State Department Releases Cable on Revised Guidance re 90-Day Rule

October 18, 2017

By Immigration Group

This article was prepared with the assistance of ABIL, the Alliance of Business Immigration Lawyers, of which Laura Danielson is an active member.

Number 90 in red circleThe Department of State recently released the following cable to the field:

UNCLASSIFIED 17 STATE 95090

Sep 16, 2017

Subject: Change to INA 212(a)(6)(C)(i) and Introduction of 90 Day Rule

1. SUMMARY: This cable advises posts on the application of INA section 212(a)(6)(C)(i) as it pertains to revised guidance at 9 FAM 302.9-4(B)(3)(g-h) regarding the 90 day rule, formerly known as the "30/60 day rule." Interagency working groups agreed to a change in policy and expanded the 30/60 day timeframe to 90 days for aliens who enter the United States and engage in activity inconsistent with their nonimmigrant status before procuring a change or adjustment of status. END SUMMARY.

The 90 day rule

2. The following revised guidance replaces the 30/60 day rule and applies to all adjudications that occur after September 1. The guidance should not be applied retroactively. As detailed in the revisions to 9 FAM 302.9-4(B)(3)(g-h), aliens who violate or engage in conduct inconsistent with his or her nonimmigrant status within 90 days of entry into the United States by: 1) engaging in unauthorized employment; 2) enrolling in a course of unauthorized academic study; 3) marrying a U.S. citizen or lawful permanent resident and taking up residence in the United States while in a nonimmigrant visa classification that prohibits immigrant intent; or 4) undertaking any other activity for which a change of status or adjustment of status would be required prior to obtaining such change or adjustment, may be presumed to have made a material misrepresentation. You must give the alien the opportunity to present evidence to rebut the presumption that he or she made a willful misrepresentation on prior visa applications or in their applications for admission to the United States before you can find the applicant ineligible under 212(a)(6)(C)(i). If the applicant is unable to overcome the presumption that he or she engaged in a willful misrepresentation, post must request an Advisory Opinion (AO) from the Visa Office of Advisory Opinions (CA/VO/L/A) per 9 FAM 302.9-4(B)(3)(h)(2)(b).

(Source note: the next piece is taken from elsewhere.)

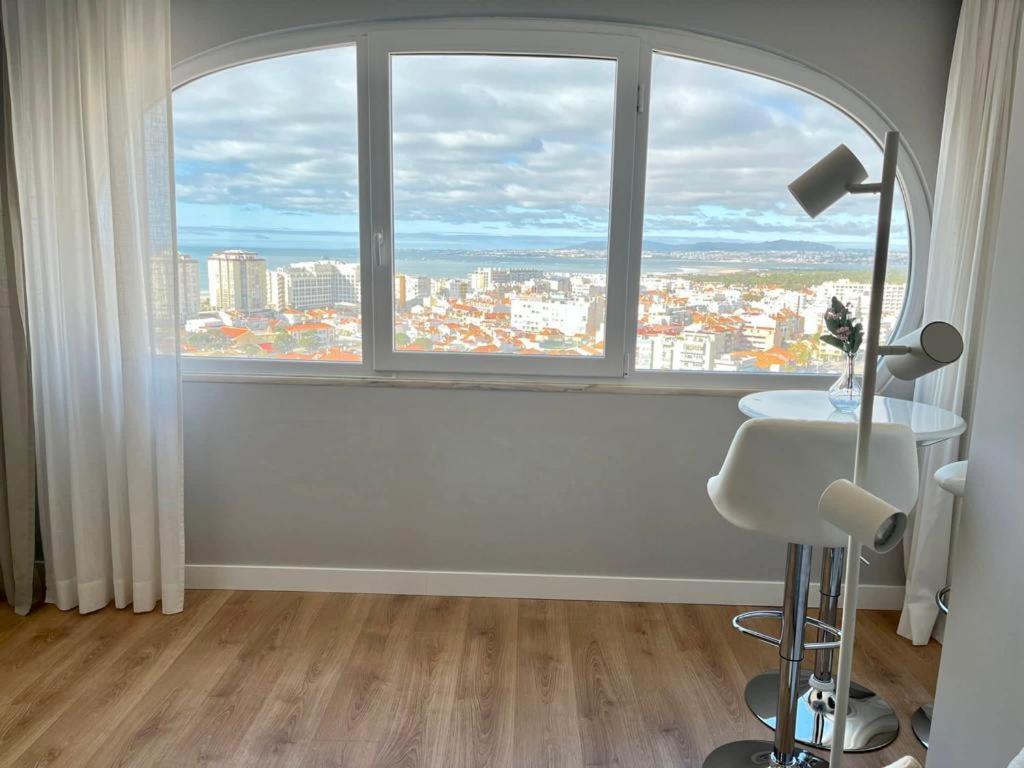 T2 Com Uma Vista Deslumbrante Sobre O Atlantico! Apartment Costa de Caparica Exterior foto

3. If an alien violates or engages in conduct inconsistent with his or her nonimmigrant status after 90 days of entry into the United States, there generally is no presumption of willful misrepresentation. However, if facts in the case give you a reason to believe that the alien misrepresented his or her purpose of travel at the time of the visa application or application for admission, you must request an AO from CA/VO/L/A.